Reproduce the listing exactly. Omit pictures.

*** Dataset excerpt ***

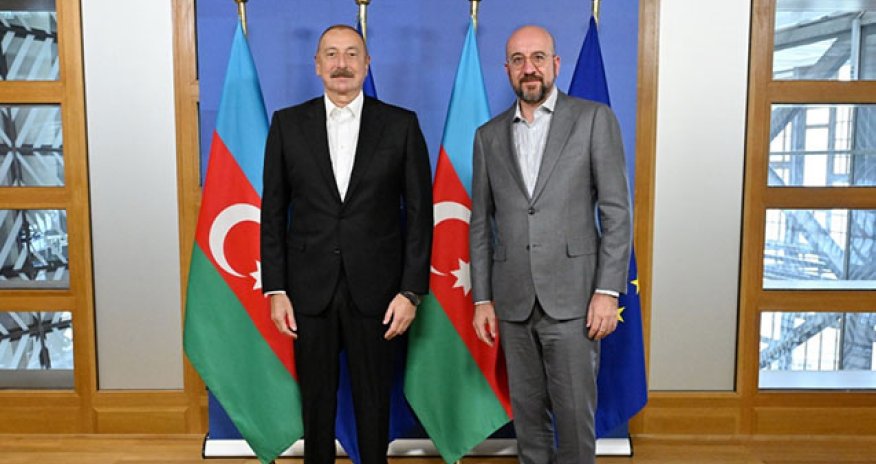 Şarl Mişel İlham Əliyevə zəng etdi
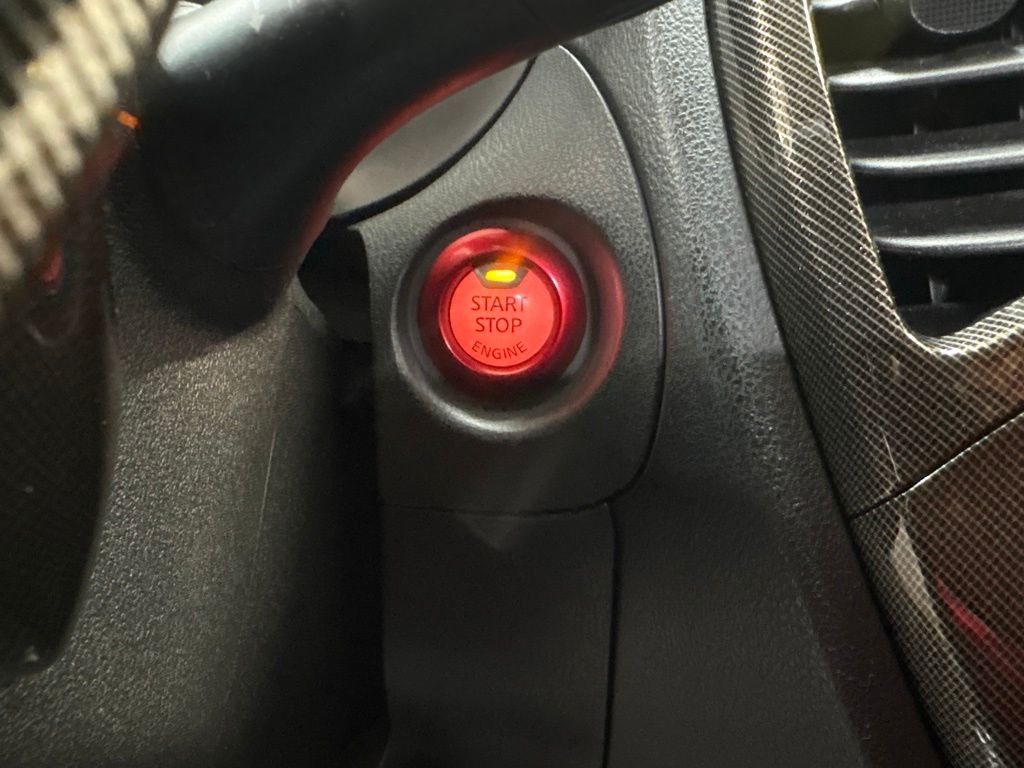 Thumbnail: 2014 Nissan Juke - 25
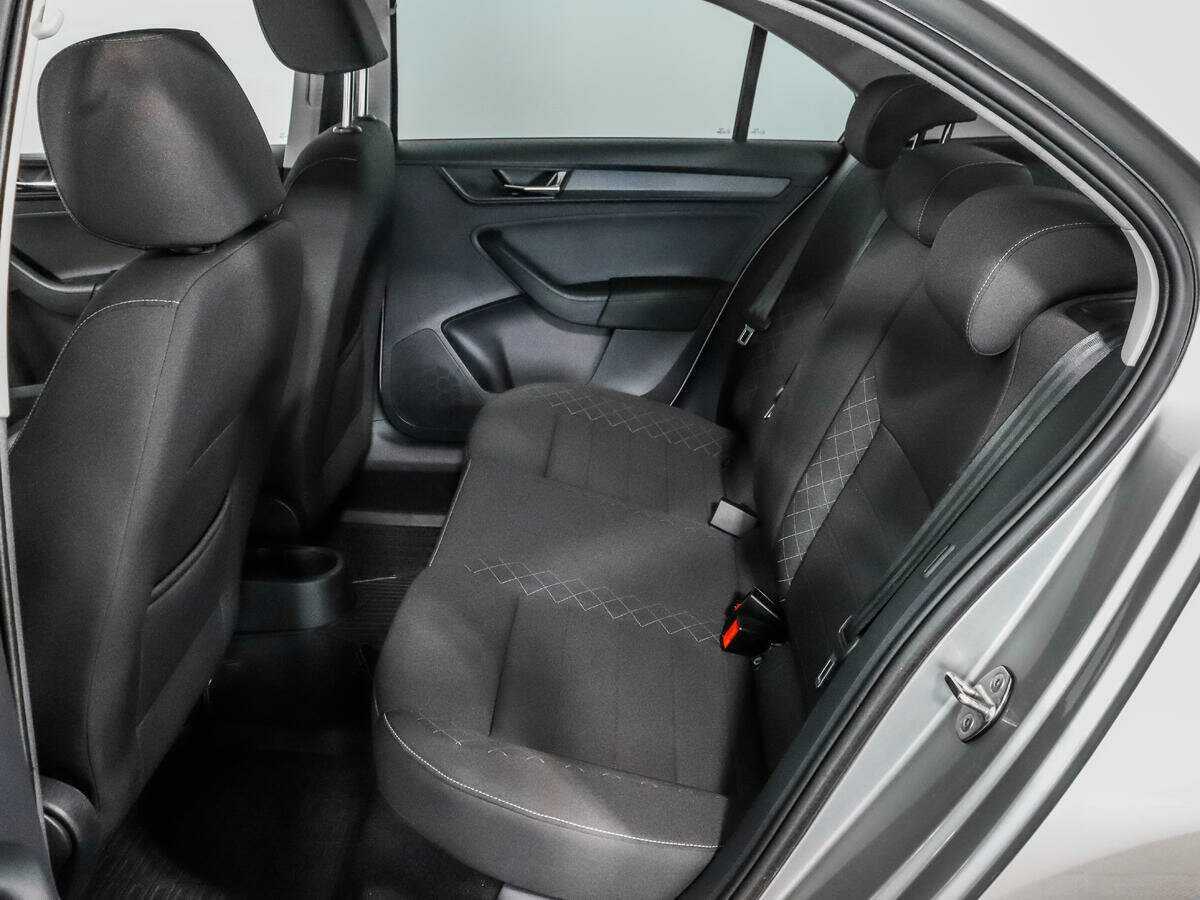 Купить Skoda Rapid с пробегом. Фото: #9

*** End of Dataset excerpt ***

▸ **Solution to this exercise**
 Şarl Mişel İlham Əliyevə zəng etdi
 Thumbnail: 2014 Nissan Juke - 25
 Купить Skoda Rapid с пробегом. Фото: #9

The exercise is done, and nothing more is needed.